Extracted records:
※
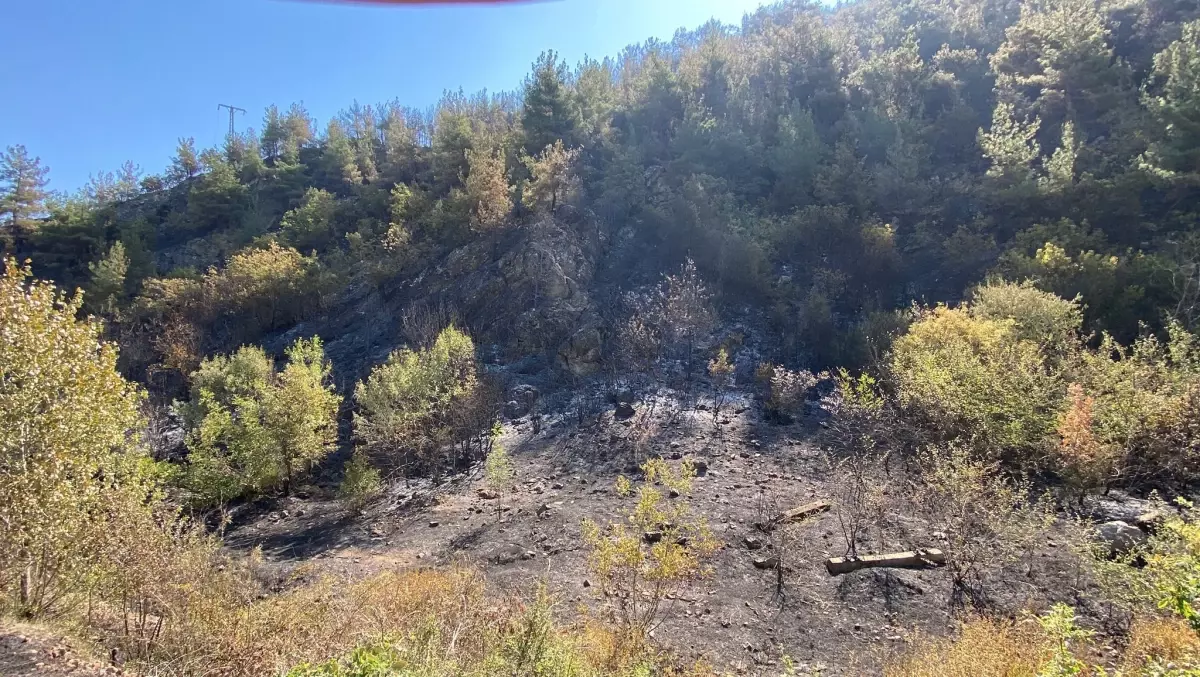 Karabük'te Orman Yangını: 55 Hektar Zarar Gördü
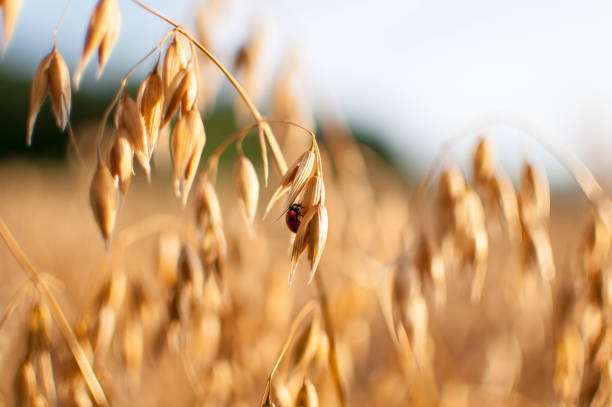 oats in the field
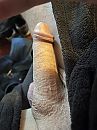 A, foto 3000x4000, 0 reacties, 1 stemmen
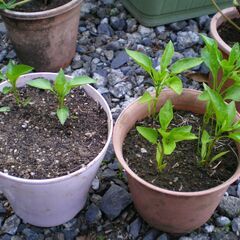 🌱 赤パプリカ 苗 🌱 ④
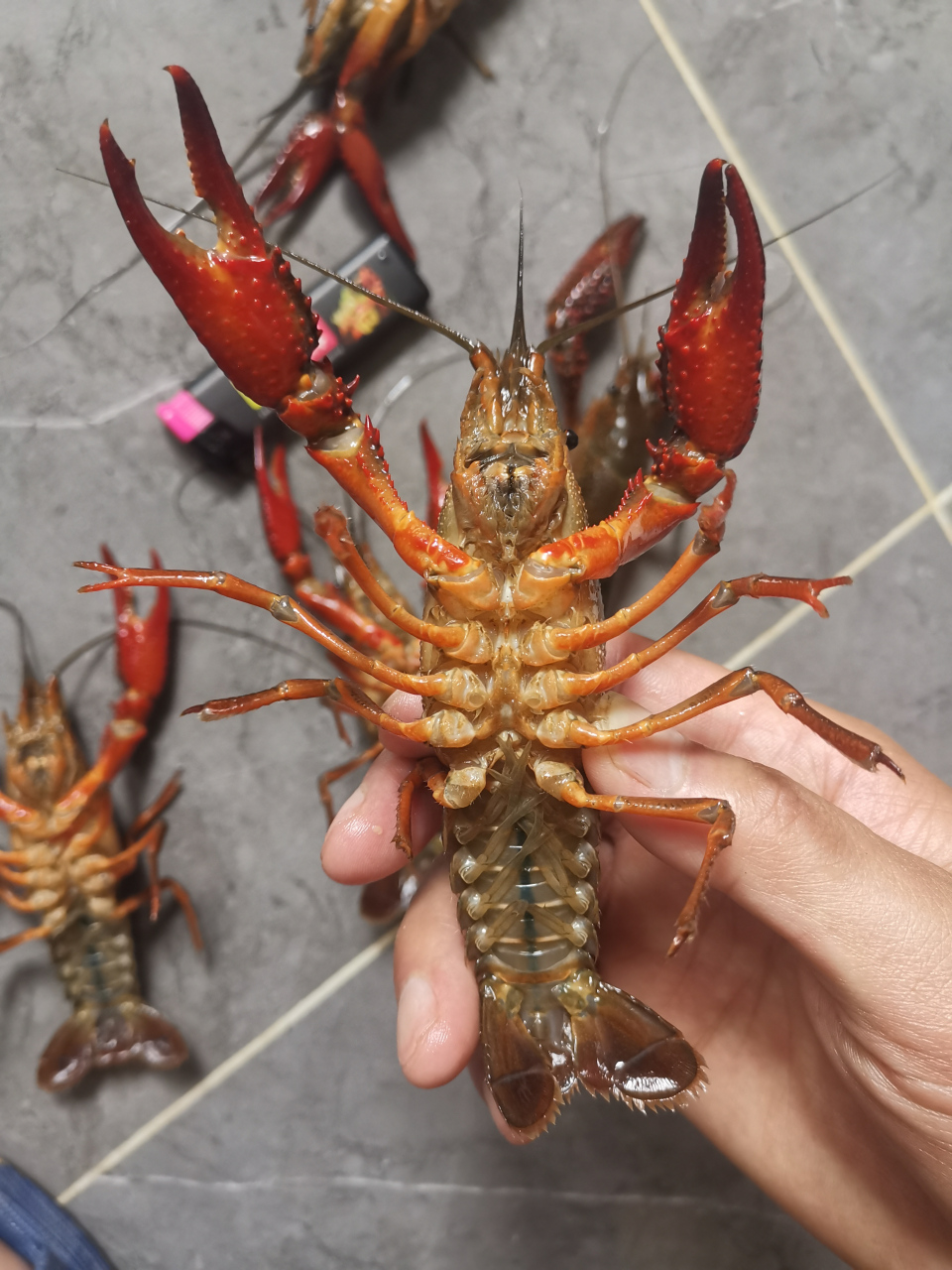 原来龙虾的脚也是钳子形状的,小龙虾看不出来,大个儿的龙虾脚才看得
※
Task directions:
Write the entries above out again exactly, but not the pictures.

Solution for this task:
 Karabük'te Orman Yangını: 55 Hektar Zarar Gördü
 oats in the field
 A, foto 3000x4000, 0 reacties, 1 stemmen
 🌱 赤パプリカ 苗 🌱 ④
 原来龙虾的脚也是钳子形状的,小龙虾看不出来,大个儿的龙虾脚才看得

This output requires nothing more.